Most people are most inclined to be generous when they feel like they have what they need. Contentment and personal security allows people to open their wallets, but it also allows them to open their hearts and their minds. Conferring cultural privilege—whiteness, maleness, straightness, able-bodiedness, cisgenderness, etc.—is a way of mitigating the insecurity bred by classism. When a poor white straight man has nothing else but his sense of entitlement, he is reluctant to yield equality to others. That's why wealthy conservatives tend to be way more socially liberal in their personal lives than their politics would suggest; it's why, during the last presidential election, John McCain figureheaded a platform of intolerance, but had an openly gay chief of staff.

Clearly, a more equitable and supportive economy would not alone solve every social problem, but it would render many of them virtually impotent, stealing away the frustrations and furious feelings of injustice in which support for intolerance is bred.

That's why I'm an economy voter. Because I am a feminist. Because I am disabled. Because I am queerish. Because I am an ally to people of color. Because I am a progressive. Because I care passionately about social justice—which is tied in big and small and inextricable ways to economic justice.

So long as the vast majority of the wealth is concentrated among a very few people, so long as corporations are granted personhood and workers' rights given short shrift, so long as we don't have universal healthcare and the other fundamentals of a solid social safety net, our economy is not as strong as it could, or should, be.

And the GOP will happily undermine what security our already precarious economy grants us, because chaos and desperation serve their goals. Their corporate masters are never happier than when people will work longer hours for less money and fewer benefits because they're in desperate fear of losing their jobs, and the healthcare coverage attached to them. Their cultural masters are never happier when the oppressive futility of our corrupt political system boils in fearful people's guts and comes steaming out in hot blasts of hatred and intolerance.

All of this serves the conservative elite agenda to dismantle what domestic security our government provides.

So I'll be voting defensively. And I'll be pissed that it probably won't make any difference, because the Democrats have not done enough to give lots of voters something to vote for, and too many people across this nation will thus give their votes to the other guys, with foolish hopes of something better.

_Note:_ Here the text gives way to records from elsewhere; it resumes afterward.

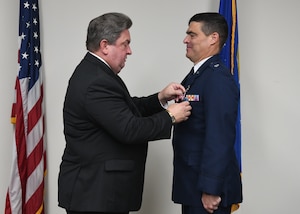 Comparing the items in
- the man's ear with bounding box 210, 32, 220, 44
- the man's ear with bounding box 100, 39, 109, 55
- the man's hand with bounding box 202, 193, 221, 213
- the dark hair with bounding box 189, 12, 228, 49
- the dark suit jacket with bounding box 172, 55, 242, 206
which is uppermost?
the dark hair with bounding box 189, 12, 228, 49

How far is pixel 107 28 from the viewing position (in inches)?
61.2

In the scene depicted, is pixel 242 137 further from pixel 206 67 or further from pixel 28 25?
pixel 28 25

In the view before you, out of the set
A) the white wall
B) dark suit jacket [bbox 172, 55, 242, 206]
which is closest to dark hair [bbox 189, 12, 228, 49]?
dark suit jacket [bbox 172, 55, 242, 206]

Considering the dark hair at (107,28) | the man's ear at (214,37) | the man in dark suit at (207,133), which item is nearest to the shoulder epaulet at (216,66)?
the man in dark suit at (207,133)

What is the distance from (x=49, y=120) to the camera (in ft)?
8.57

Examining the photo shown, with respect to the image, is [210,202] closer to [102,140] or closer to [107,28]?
[102,140]

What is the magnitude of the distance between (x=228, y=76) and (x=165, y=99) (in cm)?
41

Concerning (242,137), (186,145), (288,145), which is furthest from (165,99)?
(288,145)

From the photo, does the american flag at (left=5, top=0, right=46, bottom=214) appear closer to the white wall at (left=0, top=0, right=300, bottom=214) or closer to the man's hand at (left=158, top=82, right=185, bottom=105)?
the white wall at (left=0, top=0, right=300, bottom=214)

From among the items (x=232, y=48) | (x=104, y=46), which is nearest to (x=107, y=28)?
(x=104, y=46)

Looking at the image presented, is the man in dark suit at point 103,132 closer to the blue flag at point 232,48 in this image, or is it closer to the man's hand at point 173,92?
the man's hand at point 173,92

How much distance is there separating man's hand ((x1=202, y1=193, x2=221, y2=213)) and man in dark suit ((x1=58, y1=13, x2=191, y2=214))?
290 millimetres

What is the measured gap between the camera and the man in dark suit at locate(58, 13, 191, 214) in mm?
1486

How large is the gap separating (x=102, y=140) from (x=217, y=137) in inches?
18.4
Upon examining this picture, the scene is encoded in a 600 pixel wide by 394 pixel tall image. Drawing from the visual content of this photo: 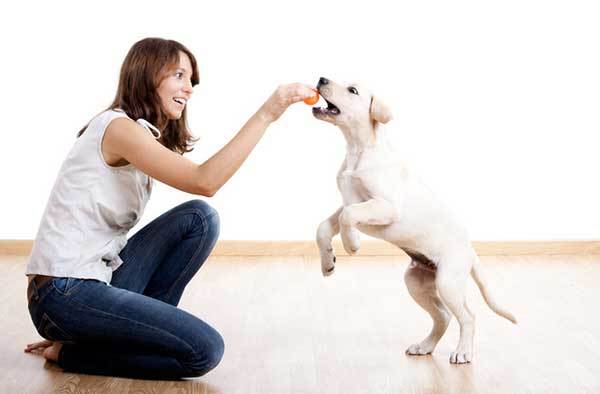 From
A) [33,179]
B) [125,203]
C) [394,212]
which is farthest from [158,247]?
[33,179]

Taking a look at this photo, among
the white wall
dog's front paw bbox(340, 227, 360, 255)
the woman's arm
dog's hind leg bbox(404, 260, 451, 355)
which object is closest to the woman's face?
the woman's arm

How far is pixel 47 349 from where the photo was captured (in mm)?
2582

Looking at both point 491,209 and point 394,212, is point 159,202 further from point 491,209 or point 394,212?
point 394,212

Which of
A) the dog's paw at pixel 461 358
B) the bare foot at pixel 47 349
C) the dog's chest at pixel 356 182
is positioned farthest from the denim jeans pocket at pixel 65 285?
the dog's paw at pixel 461 358

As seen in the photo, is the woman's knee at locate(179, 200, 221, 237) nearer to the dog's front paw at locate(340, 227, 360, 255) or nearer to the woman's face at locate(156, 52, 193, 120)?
the woman's face at locate(156, 52, 193, 120)

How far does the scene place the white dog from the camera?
2455mm

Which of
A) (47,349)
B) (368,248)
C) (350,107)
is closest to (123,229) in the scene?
(47,349)

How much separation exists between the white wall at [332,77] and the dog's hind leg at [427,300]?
169 cm

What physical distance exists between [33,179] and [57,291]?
211cm

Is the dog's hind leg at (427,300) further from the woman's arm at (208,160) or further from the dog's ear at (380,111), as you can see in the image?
the woman's arm at (208,160)

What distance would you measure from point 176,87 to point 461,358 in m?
1.13

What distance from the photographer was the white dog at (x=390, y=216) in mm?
2455

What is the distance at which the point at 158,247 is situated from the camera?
271cm

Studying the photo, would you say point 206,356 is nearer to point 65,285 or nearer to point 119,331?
point 119,331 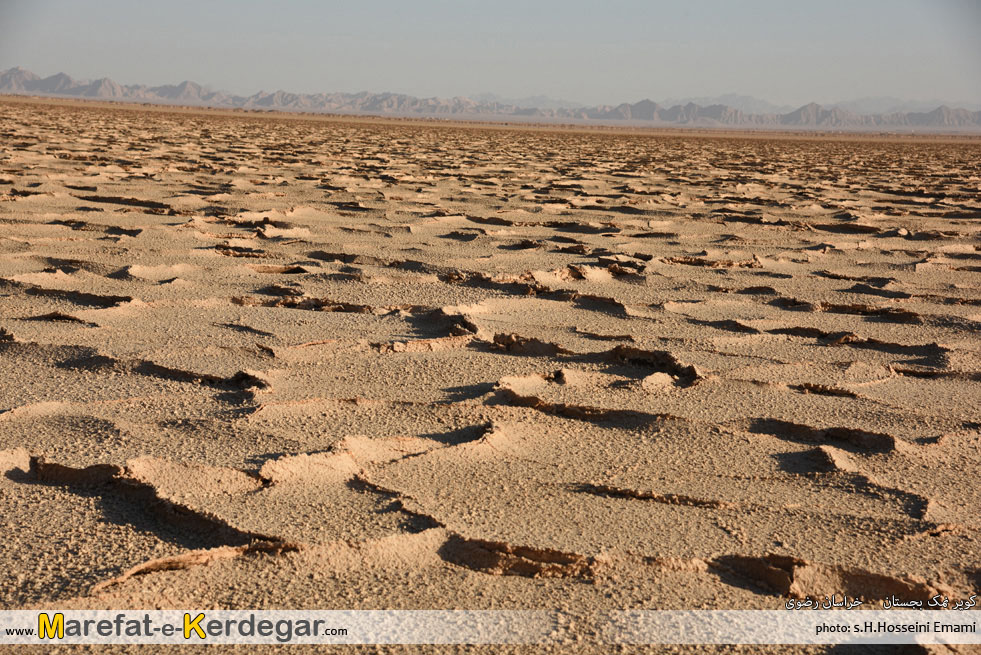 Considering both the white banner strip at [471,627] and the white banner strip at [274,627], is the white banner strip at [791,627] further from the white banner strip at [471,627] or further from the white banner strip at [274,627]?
the white banner strip at [274,627]

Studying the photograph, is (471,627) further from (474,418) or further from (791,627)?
(474,418)

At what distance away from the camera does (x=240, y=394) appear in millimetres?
2010

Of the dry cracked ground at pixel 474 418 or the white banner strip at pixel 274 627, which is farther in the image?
the dry cracked ground at pixel 474 418

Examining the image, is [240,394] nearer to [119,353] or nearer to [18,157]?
[119,353]

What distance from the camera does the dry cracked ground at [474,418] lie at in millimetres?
1342

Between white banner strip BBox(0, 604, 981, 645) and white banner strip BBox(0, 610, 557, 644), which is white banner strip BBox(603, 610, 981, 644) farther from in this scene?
white banner strip BBox(0, 610, 557, 644)

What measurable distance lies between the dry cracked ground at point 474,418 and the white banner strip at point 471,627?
0.03 meters

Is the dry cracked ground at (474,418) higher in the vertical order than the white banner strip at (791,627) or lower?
higher

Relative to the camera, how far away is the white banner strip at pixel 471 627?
3.82 feet

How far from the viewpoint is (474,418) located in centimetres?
193

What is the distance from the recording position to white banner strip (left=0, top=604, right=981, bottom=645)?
3.82 ft

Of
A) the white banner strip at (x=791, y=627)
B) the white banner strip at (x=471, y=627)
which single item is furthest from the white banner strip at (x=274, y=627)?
the white banner strip at (x=791, y=627)

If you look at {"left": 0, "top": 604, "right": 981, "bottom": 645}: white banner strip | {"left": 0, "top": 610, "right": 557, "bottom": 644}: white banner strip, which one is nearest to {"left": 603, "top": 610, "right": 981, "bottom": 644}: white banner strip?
{"left": 0, "top": 604, "right": 981, "bottom": 645}: white banner strip

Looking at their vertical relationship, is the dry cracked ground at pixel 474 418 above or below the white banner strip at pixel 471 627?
above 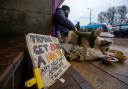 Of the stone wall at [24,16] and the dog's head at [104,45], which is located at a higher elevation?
the stone wall at [24,16]

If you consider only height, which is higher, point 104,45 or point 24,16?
point 24,16

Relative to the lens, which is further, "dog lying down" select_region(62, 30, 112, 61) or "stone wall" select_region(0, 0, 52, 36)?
"stone wall" select_region(0, 0, 52, 36)

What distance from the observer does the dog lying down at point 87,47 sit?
242 centimetres

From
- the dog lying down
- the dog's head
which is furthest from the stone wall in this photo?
the dog's head

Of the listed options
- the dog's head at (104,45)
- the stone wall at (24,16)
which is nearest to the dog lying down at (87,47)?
the dog's head at (104,45)

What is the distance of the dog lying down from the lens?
95.4 inches

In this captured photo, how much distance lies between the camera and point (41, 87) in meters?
0.88

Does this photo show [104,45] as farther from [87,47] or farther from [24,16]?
[24,16]

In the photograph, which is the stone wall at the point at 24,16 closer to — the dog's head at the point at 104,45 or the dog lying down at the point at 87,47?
the dog lying down at the point at 87,47

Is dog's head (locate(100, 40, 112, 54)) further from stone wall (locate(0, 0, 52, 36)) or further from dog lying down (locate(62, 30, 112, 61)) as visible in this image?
stone wall (locate(0, 0, 52, 36))

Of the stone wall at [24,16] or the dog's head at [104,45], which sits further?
the stone wall at [24,16]

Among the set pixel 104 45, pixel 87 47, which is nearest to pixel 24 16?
pixel 87 47

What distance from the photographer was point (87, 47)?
251cm

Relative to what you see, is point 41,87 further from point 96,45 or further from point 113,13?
point 113,13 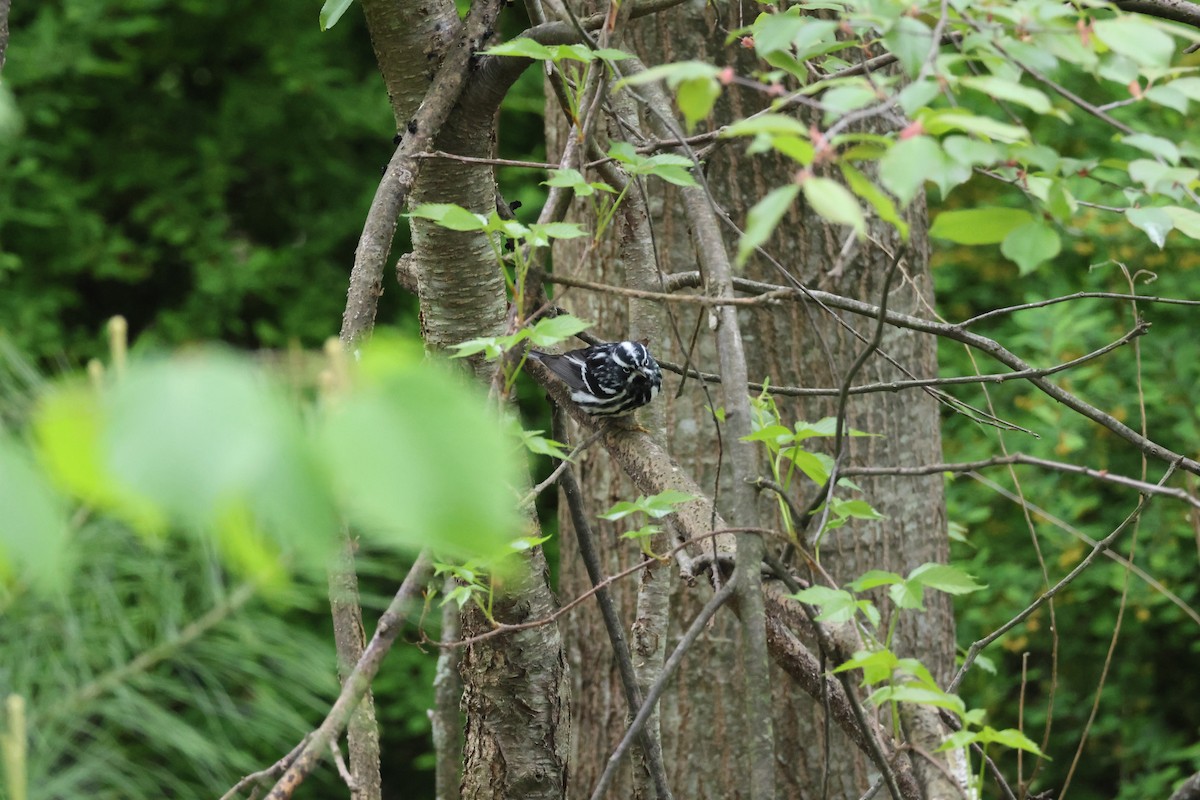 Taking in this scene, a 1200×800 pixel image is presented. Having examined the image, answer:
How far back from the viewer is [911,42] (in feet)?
2.52

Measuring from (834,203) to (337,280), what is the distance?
376 centimetres

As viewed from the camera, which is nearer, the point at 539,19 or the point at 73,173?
the point at 539,19

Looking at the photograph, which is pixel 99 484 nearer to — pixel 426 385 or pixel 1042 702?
pixel 426 385


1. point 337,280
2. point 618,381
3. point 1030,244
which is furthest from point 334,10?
point 337,280

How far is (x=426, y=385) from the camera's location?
1.13ft

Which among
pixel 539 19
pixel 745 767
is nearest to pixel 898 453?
pixel 745 767

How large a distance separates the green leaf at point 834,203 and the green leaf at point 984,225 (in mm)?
239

While casting my vote, I will nonetheless understand the decisions of progressives who have the opportunity to vote for a third party and take it, and of progressives who don't vote at all, who argue that things have to get much worse before they can get better. I'll understand that because it's not people privileged enough to insulate themselves from disaster who make this argument to me, but people already on the precipice, or people who have already been left with nothing more to lose.

And because I am less certain with every election that they're wrong.

[Commenting Guidelines: Before commenting, please familiarize yourself with Shakesville's policy about voting discussions, and be sure to utilize "I" language. By way of reminder, "I think you should vote this way" does not count.]

Open Wide...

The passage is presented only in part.